EASTPOINTE, MI – A priest who was banned from public ministry while serving parishes in Royal Oak and Ferndale in 2009 after allegations that he sexually abused a 16-year-old girl he was counseling in the 1970s resurfaced is again working with teens at a Catholic center in Eastpointe — for now.
The Catholic Archdiocese of Detroit is asking the Rev. Kenneth Kaucheck to step down from his position as development director of Gianna House Pregnancy and Parenting Residence, which he co-founded a year ago with a Catholic nun, The Macomb Daily reports.
Gianna House, located in the former convent adjacent to St. Veronica Catholic Church in Eastpointe, takes in pregnant girls and women, and assists them and any children they may have.
If Kaucheck doesn’t voluntarily resign, he could be removed under canon law because his position at Gianna House “violates the restrictions placed on his ministry in 2009,” John Kohn, a spokesman for the archdiocese told the Detroit Free Press.
“We assert that he should not be allowed to continue in this position." Kohn said.
The investigation that caused Kaucheck’s banishment involved allegations that he abused a 16-year-old he was counseling at Guardian Angels Parish in Clawson in 1976. The teen’s father lodged a complaint with the lead priest at Guardian Angels, according to a published report.
At the time, the church’s response was to transfer Kaucheck to Sacred Heart Parish in Dearborn, where he later became campus minister at Gabriel Richard Center.
But in 2009, the victim complained to the archdiocese after she had randomly encountered Kaucheck in a doctor’s office, and the investigation was reopened.
Among those speaking with investigators was Elizabeth Sayraf, a former receptionist at Guardian Angels and now an Ann Arbor psychologist, who said the teen had shown her plane tickets she and the priest had used for a trip to Florida. Kaucheck would have been in his mid-20s at the time.
Clawson police referred their findings to the Oakland County Prosecutor’s Office for review. However, no charges were filed, according to the published report, because the teen was 16, the age of sexual consent.
Between his removal from the Clawson parish and his assignments in St. Mary Parish in Royal Oak and St. James Parish in Ferndale, Kaucheck, who currently lives in Bloomfield Hills, served in a variety of positions . He was grievance clerk reviewing annulment cases for the Archdiocesan Metropolitan (Marriage) Tribunal, and also was a pastor, associate pastor or temporary pastor at parishes in Troy, Grosse Pointe Woods and Detroit.

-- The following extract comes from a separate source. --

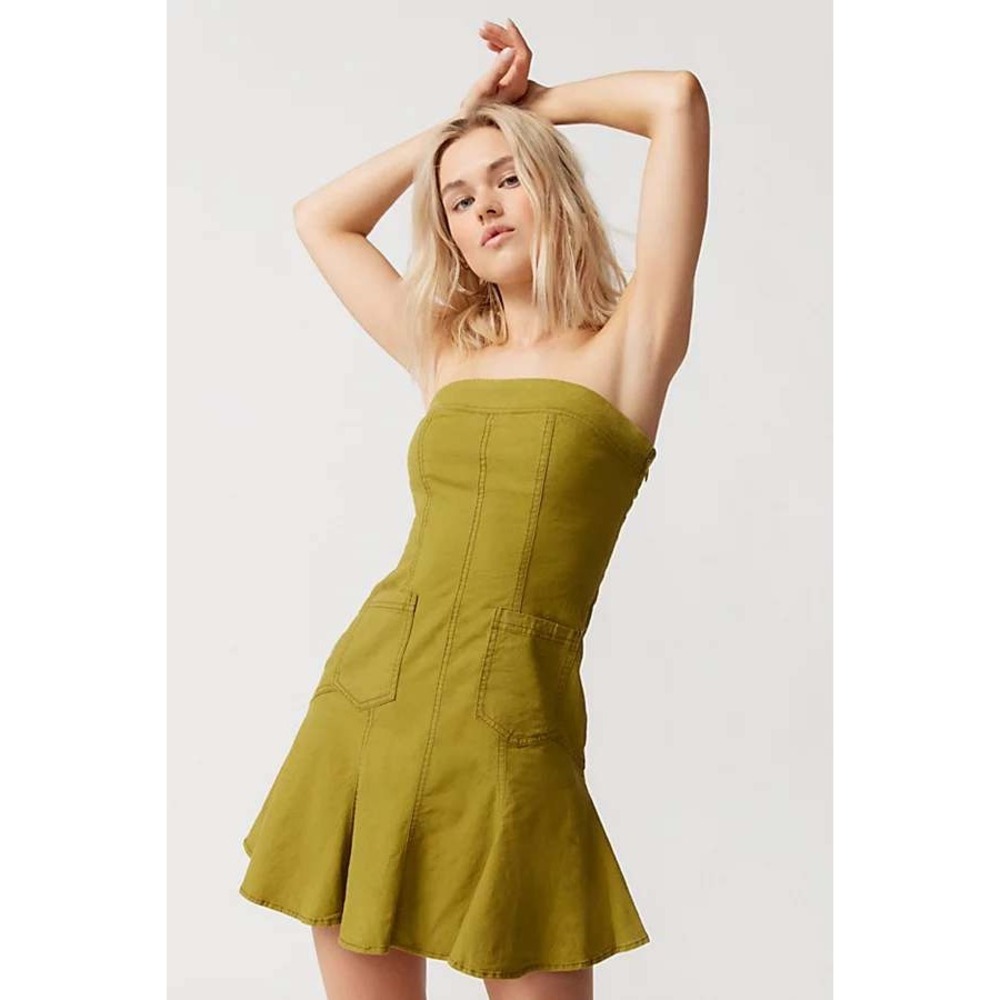 BDG Dress Women Small Olive Green Strapless Linen Blend Mini Fit & Flare‎ Tube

“Troubling News, Certainly”

Gianna House’s board chairman, Dr. Robert Welch, told The Macomb Daily he was unaware of the archdiocese’s efforts to remove Kaucheck, and said there hasn’t been anything in his conduct that would raise suspicions.

“This is obviously shocking news to me,” said Welch, who has worked with Kaucheck for about five years. “This is troubling news, certainly.”
Groups that work with survivors of sexual abuse support Kaucheck’s removal, but not necessarily the archdiocese.
“It’s horribly inappropriate,” Debbie McPeek, an executive with Turning Point in Mount Clemens, told the Macomb newspaper. “To put someone (with Kaucheck’s background) in a position of trust is horrendous.”
David Clohessy, director of the Survivors Network of those Abused by Priests (SNAP), said in a statement last month that it’s inappropriate that "a priest who was ousted because he molested a girl now works for a nonprofit that reportedly helps girls."
"It's inexcusable for any nonprofit to hire a credibly accused child molesting cleric. A simple Google search would have shown that Fr. Ken is potentially dangerous and should never be given any position or title that confers respect, much less gives him access to vulnerable people,” Clohessy said in the statement.
He also noted a pattern among church officials to allow banished priests to serve in other roles, some of them involving children, and called out both the Archdiocese of Detroit and Archbishop Allen Vigneron for not being more vigilant in alerting Catholics about Kaucheck, who receives a salary from the church for his job with Gianna House.
Welch was unaware of Kaucheck’s past in part because of “Vigneron’s irresponsible secrecy,” Clohessy said.

Priest Doesn't Work Directly with Teens

However, Sister Mary Diane Masson, who co-founded Gianna House with Kaucheck, told The Macomb Daily the priest isn’t working with the girls and women who come there and typically doesn’t work from its facilities. His job is to raise money for Gianna House.
“He’s not doing anything with the girls,” Masson, who received permission from her order, the Felician Sisters, to start the residential program.
“He hasn’t been proven guilty,” said Masson, who has known Kaucheck since 1990. “Innocent until proven guilty.”
Kaucheck, who didn’t return requests from The Macomb Daily and the Free Press for comment, has never spoken publicly about the abuse allegations that led to his banishment from public ministry.